The SD9043MACs will reside in the 3400 and 3500 series.
As of September 2014 NS is to buy 100 former UP SD9043MAC's via EMD. The numbers will be 7230-7329. The units will be pressed into service but later be rebuilt to essentially SD70ACe's in SD90 carbodies.
As of September 2013, an EMD/ELMX SD90MAC-H II has been placed under Cummins ownership. The unit will receive a QSK95 prime mover (this is first QSK95 powered locomotive) that will be installed by Sygnet Rail Technologies. The locomotive will be EPA Tier 4 compliant, and rated at 4,200 hp. The unit will test on INRD starting in 2014.
Later on in production, EMD began producing several experimental versions of the SD90MAC (one leading towards the development of the SD70ACe); such as the SD89MAC. Yet none were successful, but inspired ideas and the design for the SD70ACe and having an improved cab (which was eventually used as the actual cab for the SD70ACe; aside from its DC counter-part). Thus, creating the "Phase 2" SD90MAC-H which had an improved cab, a permanently-installed "H" engine (being non-convertible) and having different rear hood design which helped with previous cooling issues for the cooling system.
Although intended to be far more successful than the original, the SD90MAC-H was actually less successful and had a much more deplorable performance.
The SD90MAC is often nicknamed "The Big Mac" by railfans, as well as being known or pronounced as the SD90 "Mac". (Like with the SD80MAC, SD70MAC, and SD60MAC.)

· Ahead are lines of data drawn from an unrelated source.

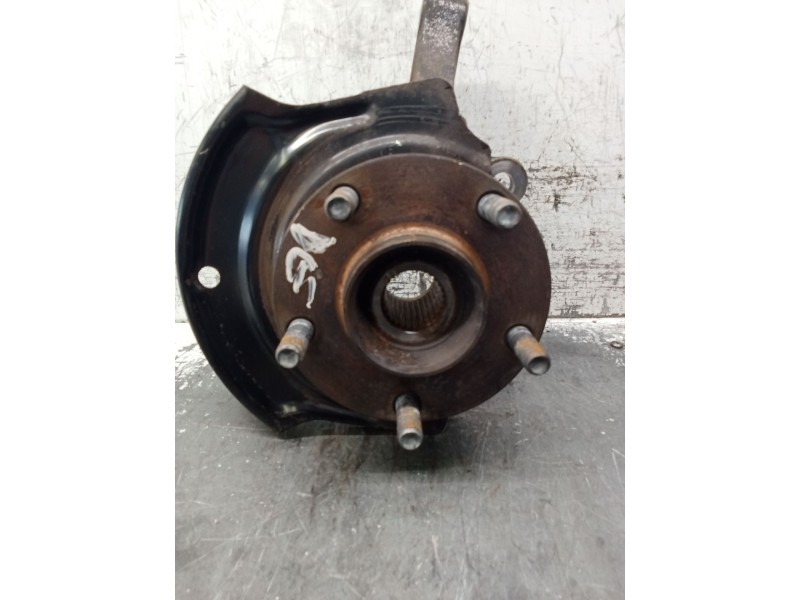 Recambio de mangueta delantera derecha para nissan x-trail i (t30) 2.5 4x4 referencia OEM IAM   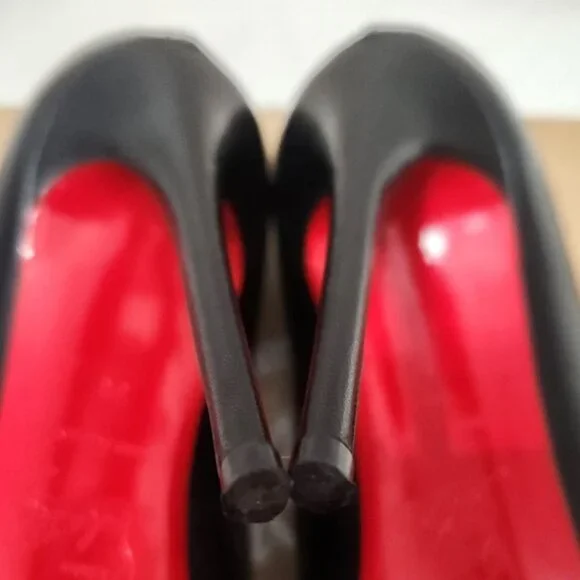 EUC Christian Louboutin Gortik 120 Black Kid Leather Size 7.5, EU Size 38 - Picture 5 of 9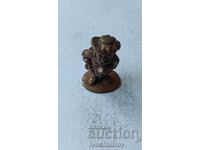 Figurina din metal cu ou de ciocolata muschetar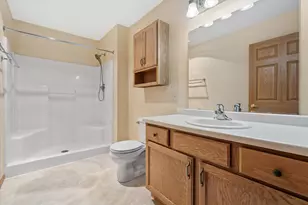 686 Stoney Creek Ct, West Bend, WI 53095 - Photo 15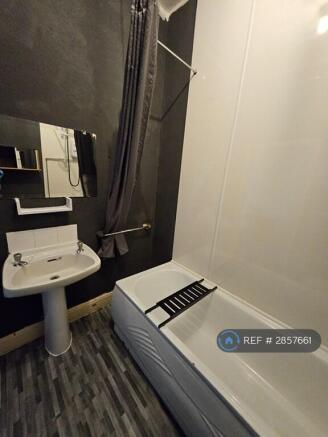 1 bed Flat to rent Image 10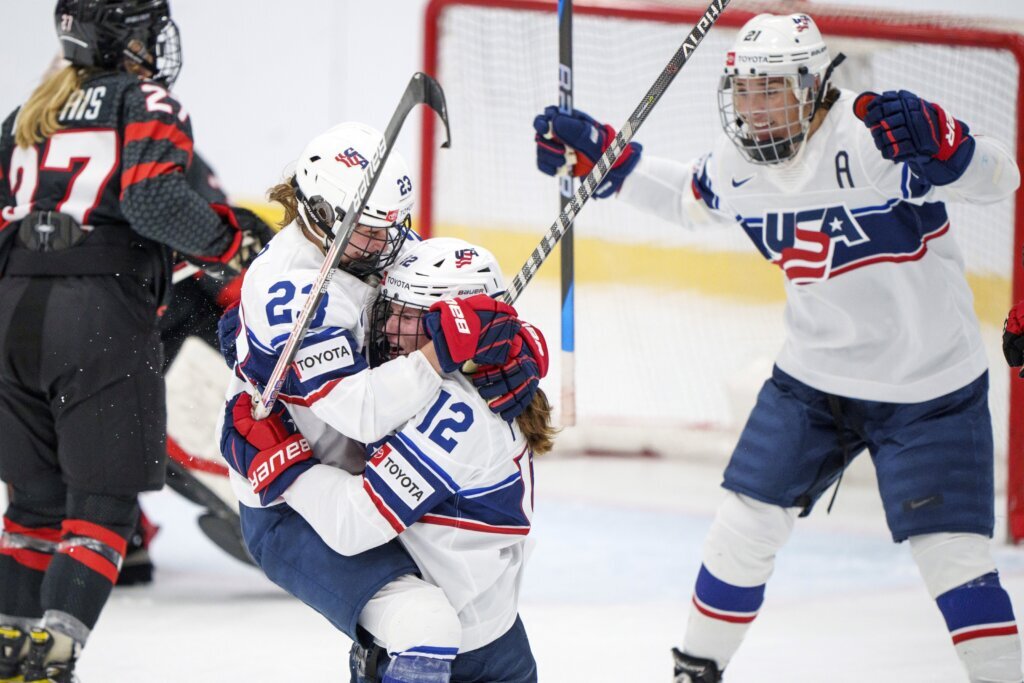USA Hockey, women’s players reach 1-month contract extension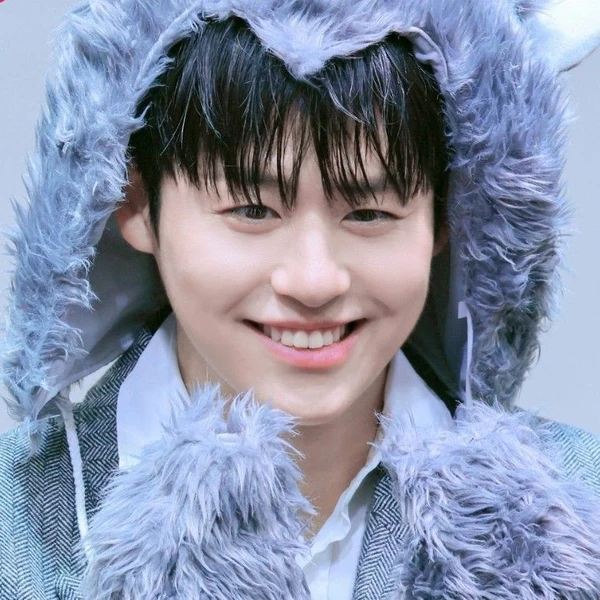 Popular photo full of fans’ love for Lee Solomon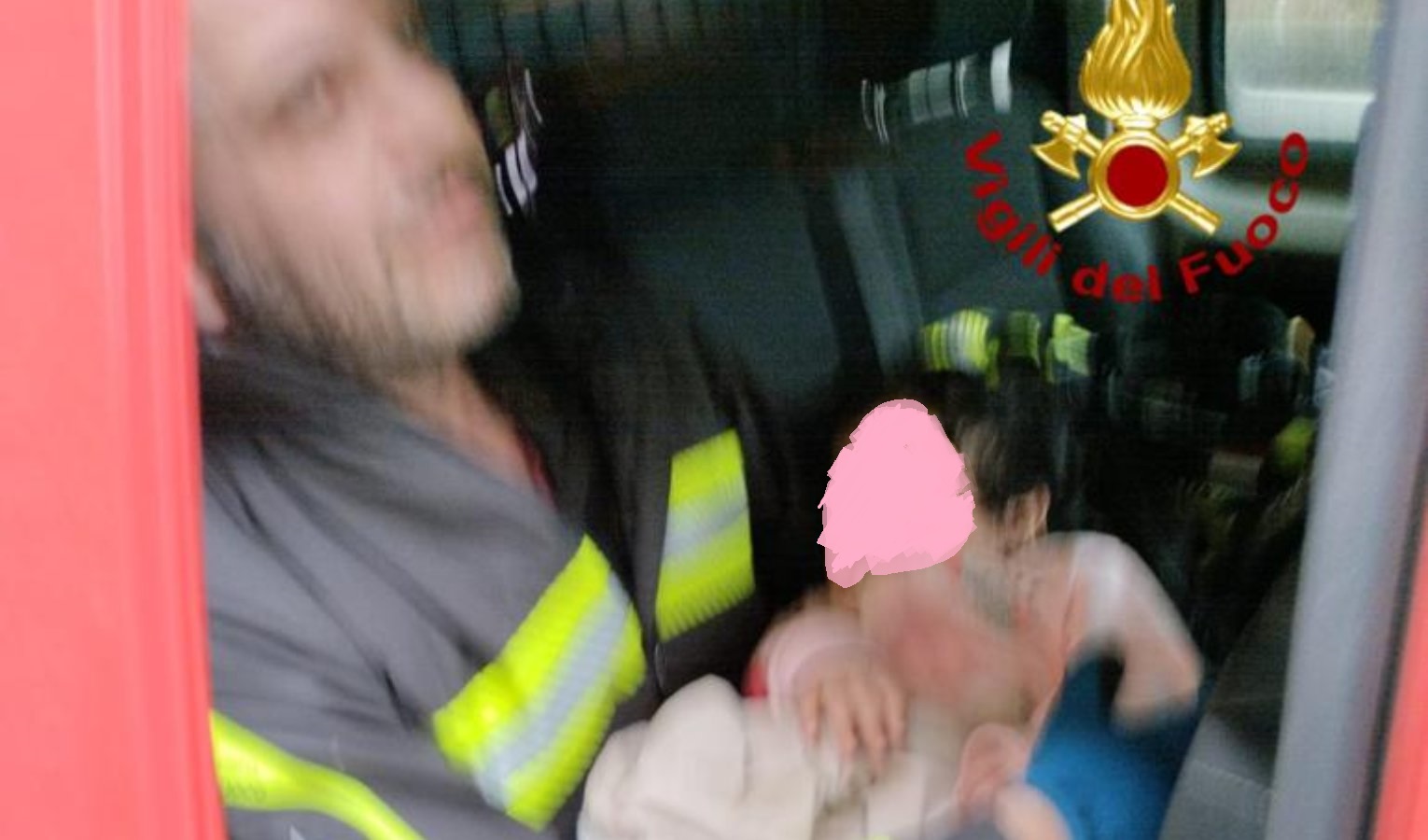 A7, auto si cappotta: 2 feriti e i pompieri fanno da baby sitter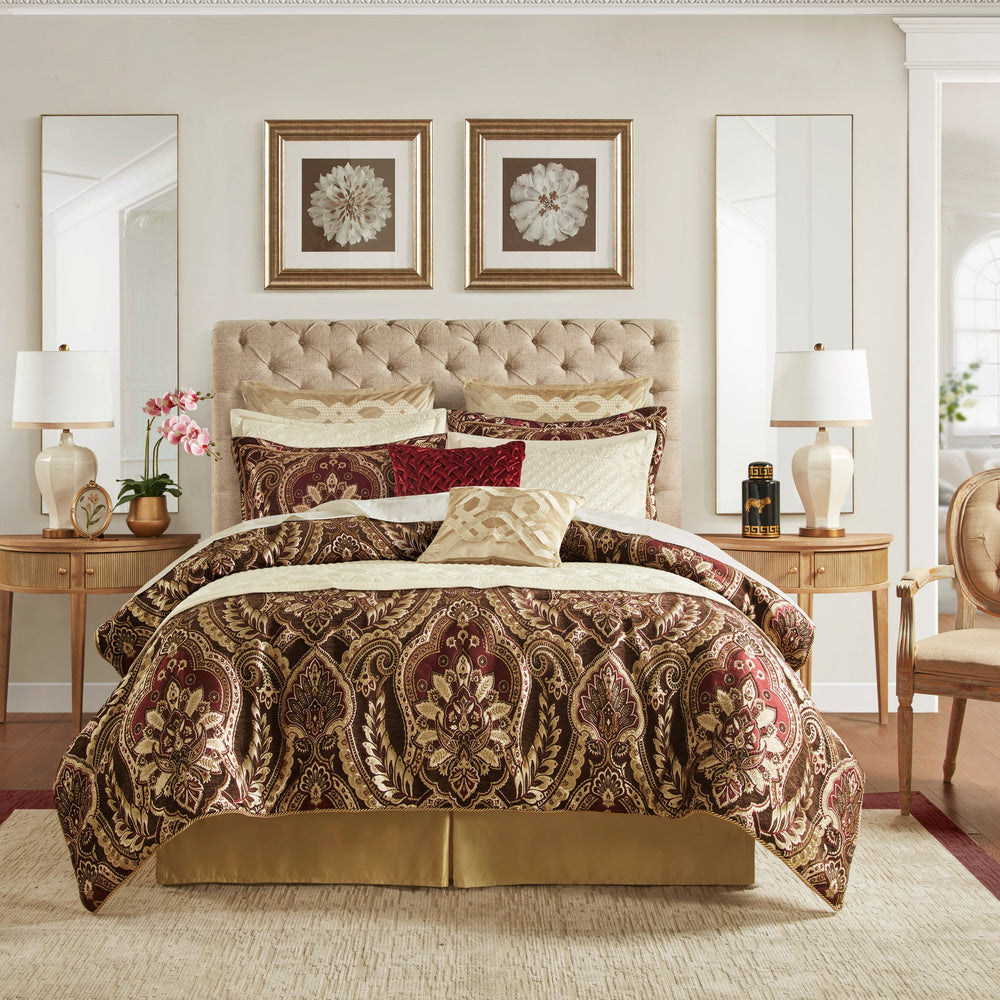 4 Piece Comforter Set Burgundy Queen Media 10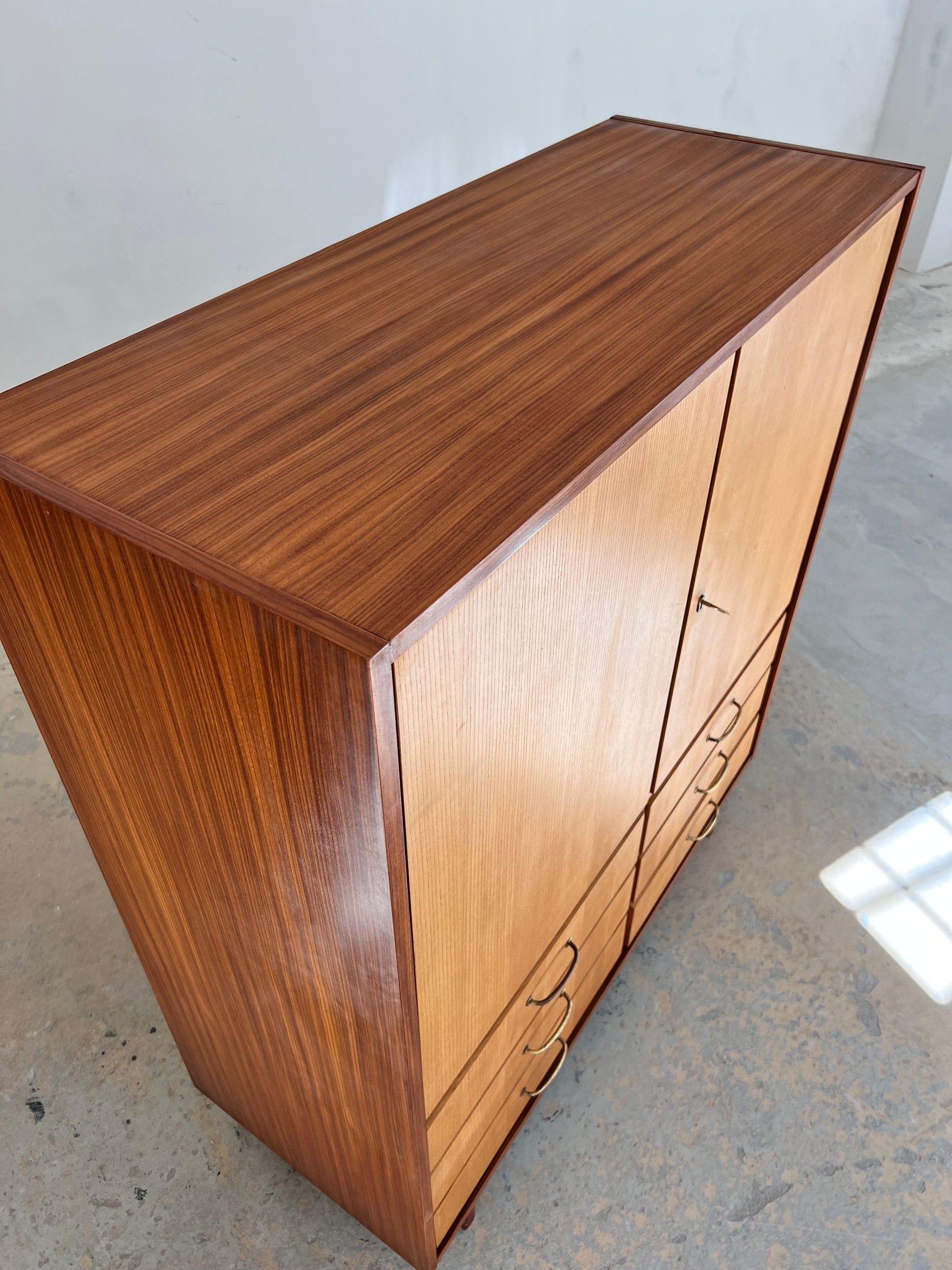 Wäscheschrank Modell Herrenkommode von Gebr. Lübke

Union Pacific SD9043MACs 8000-8308 are currently being renumbered to 3470-3775.
Union Pacific SD9043MAC 3483 was repainted in the new Z stripe paint that's used on other Union Pacific locomotives, especially the repaints.
Leasing and rebuilding companies such as PRLX and NREX have rebuilt and scrapped various retired SD90MAC units.
The SD90MAC was also produced for EMD's unceremonious 75th anniversary.
The EMD SD90MAC is considered to be one of the more unsuccessful locomotives produced by EMD.